Runs MATRIX regularization. Uses the routines corresponding to Tikhonov, LASSO, or elastic net depending on the value of self.reg. Plots the LDM using _plot_LDM(GA_taus). The GA_taus can be a list of lifetimes calculated from a global analysis which will be plotted as horizontal lines on the LDM.

replot(GA_taus=None, num_c=10)

Will close the current plot of the LDM and replot it using _plot_LDM and a new number of contour levels corresponding to num_c.

updateData(data)

Retrieves the working dataset, wavelengths, time points and IRF parameters from the data object storing these in object variables. Then runs genD() to create the matrix of exponential decays.

updateParams(taus, alphas, reg, L, simfit)

Updates parameters corresponding to regularization, and fitting routines. Taus is a list of lifetimes. Alphas, is a list of alpha values used for the matrix regularization routines. reg is a string taking the values of "L2" for Tikhonov regularization, "L1" for LASSO regularization, and "elnet" for elastic net regularization. L is the regularization matrix, which by default (during initialization) is an identity matrix, whose size is given by the number of lifetimes. simfit is a boolean, which if true means that fit statistics are calculated for all wavelengths simultaneously. (Note: Do not set to false at the moment or fit statistics will not be displayed.)

genD()

Constructs the matrix of exponential decays. If all IRF parameters are set to 0, the decays are constructed without IRF convolution. Otherwise the IRF parameters are used with the explicit analytical expression for the convolution, not using a convolution routine.

_L2()

Runs Tikhonov regularization for each alpha independently. The resultant LDMs are stored in a 3D array self.x_opts. The Tikhonov regularized solution at a particular alpha value is found using the _solve_L2(alpha) routine. The Hat or Projection matrix, along with a similar S matrix for the Cp statistic are also calculated by means of an SVD, through the routine _calc_H_and_S(). These matrices are used in the calculation of the GCV and Cp parameter at each alpha value. Both the GCVs and Cps are are stored in a 1D array (if simfit is true). If simfit is false they are stored in a 2D array whose dimensions are the [len(wls), len(alphas)]. The GCVs and Cps arrays are returned by the function.

_solve_L2(alpha)

An augmented decay matrix is constructed using the alpha value and regularization matrix L. The resultant ordinary least squares problem is solved by using the SVD of the augmented matrix. As described in the paper.

_calc_H_and_S(alpha)

Calculates and returns the H and S matrices used for the GCV and Cp statistics respectively. The SVD of (D^T)D + alpha*(L^T)L is used for the construction of these matrices.

_calc_GCV(alpha, H)

Using the hat matrix H, alpha value, and the routine _calc_res(), calculates and returns the GCV value. This is either a single value if simfit is true or an array of values corresponding to each wavelength if simfit is false.

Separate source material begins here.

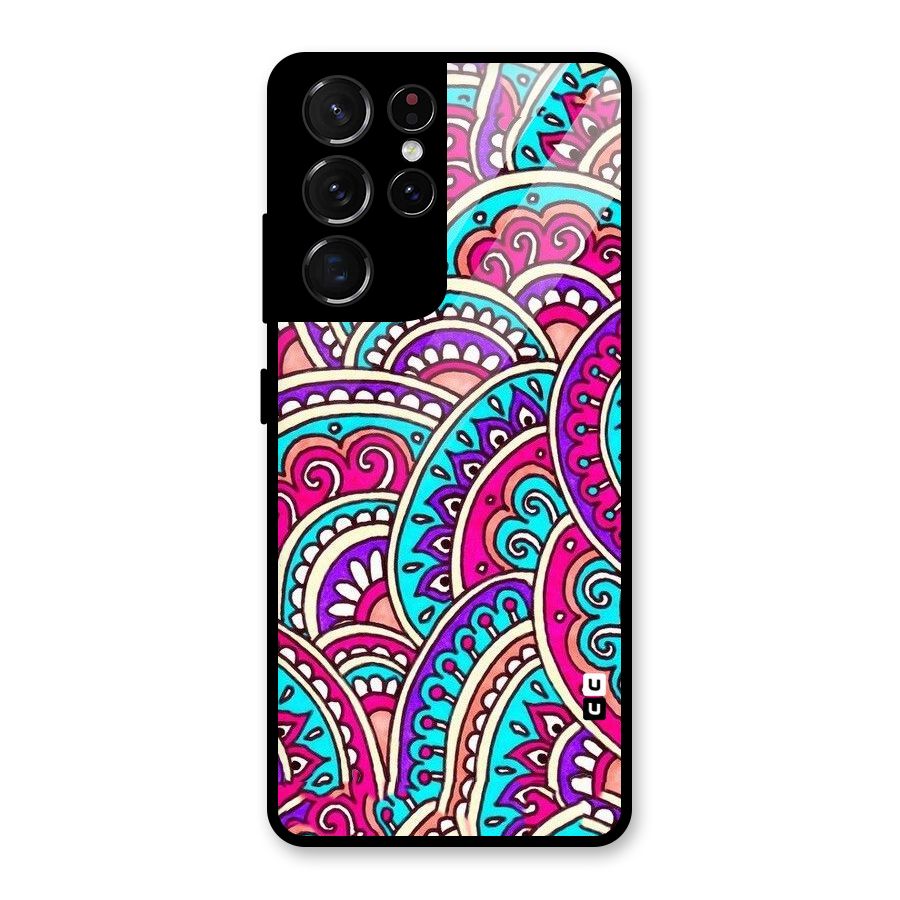 Abstract Rangoli Design Glass Back Case for Galaxy S21 Ultra 5G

_calc_Cp(alpha, S, wl=None)

Calculates and returns the Cp value, using the trace of S as the measure of degrees of freedom and the error variance of the lowest alpha solution as an estimate for the true error variance.

_lcurve()

Calculates and returns lcurve_x, lcurve_y, and the curvature k. lcurve_x is the residual between the fit and data. lcurve_y is the L2 smoothing norm. The curvature k is the curvature of the lcurve_y vs lcurve_x curve. As with GCVs and Cps, this will return 2D arrays corresponding to curves for each wavelength if simfit is set to False.

_calc_k(lx, ly)

Calculates and returns the curvature k for the curve ly vs lx.

_calc_res(alpha, wl=None)

Calculates the residual between the fitted solution at a given alpha value. If wl=None, this is done for the entire map; if wl=True, this residual is calculated wavelength by wavelength and returned as an array.

_calc_smoothNorm(alpha, wl=None)

Calculates the smoothing norm at a given alpha value. If wl=None, this is done for the entire map; if wl=True, this residual is calculated wavelength by wavelength and returned as an array.

_L1()

Runs the LASSO regularization using the orthogonalization of design matrix algorithm as described in the paper and implemented in the routine _L1_min(). This is performed for each alpha value. The Cps values are also calculated and are returned by the function.

_L1_min(D, A, alpha)

The implementation of the design matrix orthogonalization algorithm. D corresponds to the matrix of decays, or augmented matrix in the case of elastic net regularization. A is the data (or augmented data), and alpha is the regularization parameter.

_calc_L1_Cp(alpha, wl=None)

Calculates the Cp value for the LASSO regularized solutions. (Note: Approximate solution, will be fixed shortly. Do not set wl to True) Uses the error variance of the lowest alpha value solution as the estimate for the true error variance.

_l1curve()

Calculates and returns the l1x, l1y and the curvature k in analogy to the lcurve() for Tikhonov. Uses the same _calc_res() and _calc_k() routines. There is a separate _calc_L1Norm() for calculation of the L1 smoothing norm. Again, will return 1D arrays if simfit is set to True, and 2D arrays if it is set to False.

_elnet()

Runs the elastic net regularization. First constructs augmented matrices to remove the L2 penalties. Then for each alpha and rho value it runs _L1_min() to calculate the LASSO solutions for the augmented decay and data matrices.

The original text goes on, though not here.